Climate modelers are beginning to use computer simulations in more exploratory ways, said Bill Howe, a researcher at the UW's eScience Institute, a newly established group to support data-intensive research at the university. Instead of running a simulation to test a single hypothesis, climate scientists are now running long-term simulations and then sifting through tens of thousands of gigabytes of resulting data to discover trends.
"Using current tools, you can comfortably analyze and visualize datasets that fit in the computer underneath your desk," Howe said. "But you can't comfortably and interactively explore datasets at this new scale."

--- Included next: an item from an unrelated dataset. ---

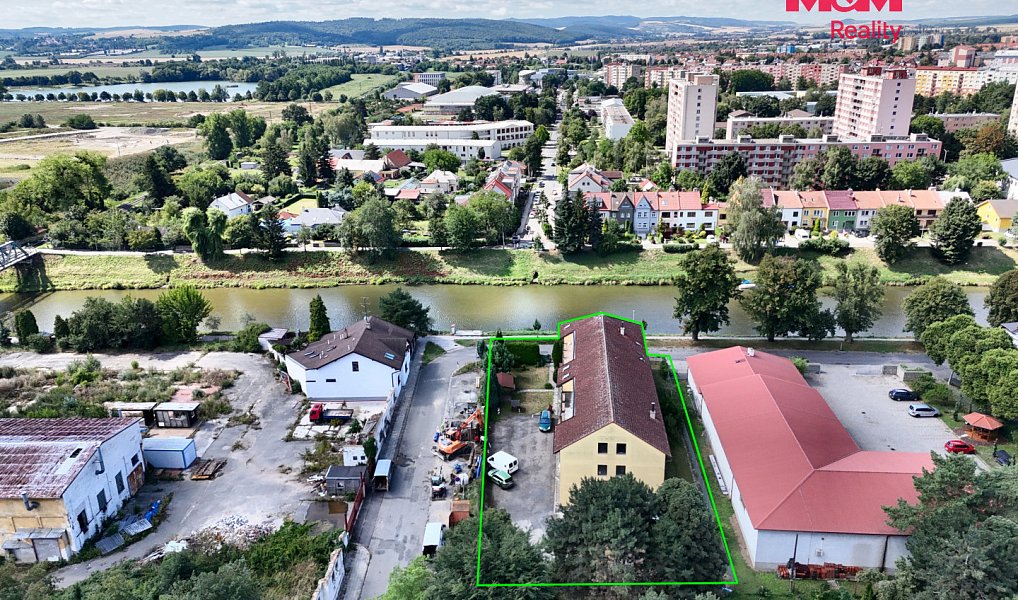 Prodej nájemního domu, činžáku 1 414 m², Kroměříž – náhled fotky 2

Howe's project aims to provide that interactivity for tens of thousands of gigabytes of simulation results. He created a tool, GridFields, to visualize the polygonal mesh of climate simulation output, and is now working to redesign GridFields to be efficient in a cloud computing environment. Collaborators at the University of Utah have an award under the same program to extend an accompanying system that makes it easier to write and keep track of computer programs.

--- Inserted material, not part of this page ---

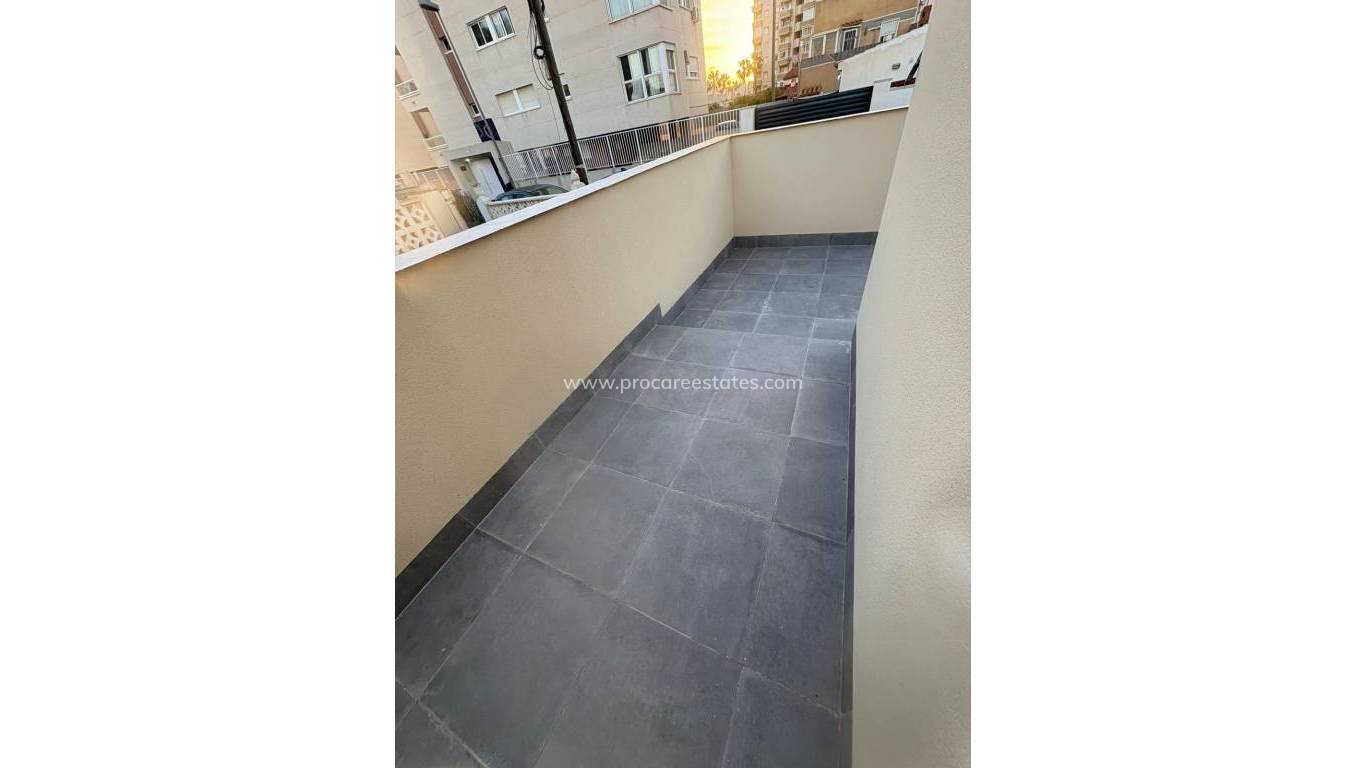 Resale - Villa - Torrevieja - Acequion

"We need to get smart sooner rather than later on how to design and build a system that doesn't just live out on these machines at government or company data centers, but extends the cloud right down to your computer," Howe said.

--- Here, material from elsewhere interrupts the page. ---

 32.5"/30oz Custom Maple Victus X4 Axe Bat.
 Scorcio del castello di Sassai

Someday the tool should be easy enough that undergraduates and high-school students could sift through raw data themselves, he said.
A second grant will use cloud computing to study astronomical images. Astronomy has changed dramatically during the past decade, says Andrew Connolly, a UW associate professor of astronomy who was awarded the grant with UW research scientist Jeffrey Gardner. Scientists once competed for time on telescopes, recorded data and then studied the individual images in detail. Now telescopes continuously record high-resolution images that are available to all, providing millions of times more information.
"In the past I could have spent a couple of hours working on a single image. But now, if I have to multiply it by factors of many tens of thousands, that couple of hours each becomes something that's not feasible," Connolly said.
Companies such as Google, Microsoft, Amazon and Yahoo! have now created frameworks that make it easier to store and process information in the cloud and make the information available over the Web.
"We want to use these frameworks to enable science, and make it so that astronomers can come in and do the work that they need to do without needing to learn the intricacies of how to work with thousands of machines," Connolly said.
His grant will prepare astronomers to deal with data coming from telescopes scheduled to come online in coming years, such as the Large Synoptic Survey Telescope, of which the UW is a founding institution. The telescope's 27-foot mirror is connected to a 3.2 billion-pixel camera that takes pictures every 15 seconds. It is expected to record more than 30,000 gigabytes of data and detect more than 100 million astronomical sources every night.
"Cloud computing enables us to scale to the point where we can actually analyze that sort of data," Connolly said.
The third grant funded a 3-day workshop held in Seattle last July in which computer science professors learned from UW computer science and engineering faculty and students how to teach cloud computing skills.
"The rapid evolution of sensors is transforming all sciences from data-poor to data-rich," said Ed Lazowska, a UW professor of computer science and engineering who led the workshops. "The challenge is to use modern cloud computing resources, such as Amazon Web Services, and modern computer science advances, such as data mining and machine learning, to explore these massive volumes of data. This new computational science will be pervasive and will have enormous impact. UW is fortunate to be in on the ground floor."
The UW is the only institution to have won three awards through NSF's new data-intensive computing programs, and it has the largest total award value of nearly $700,000.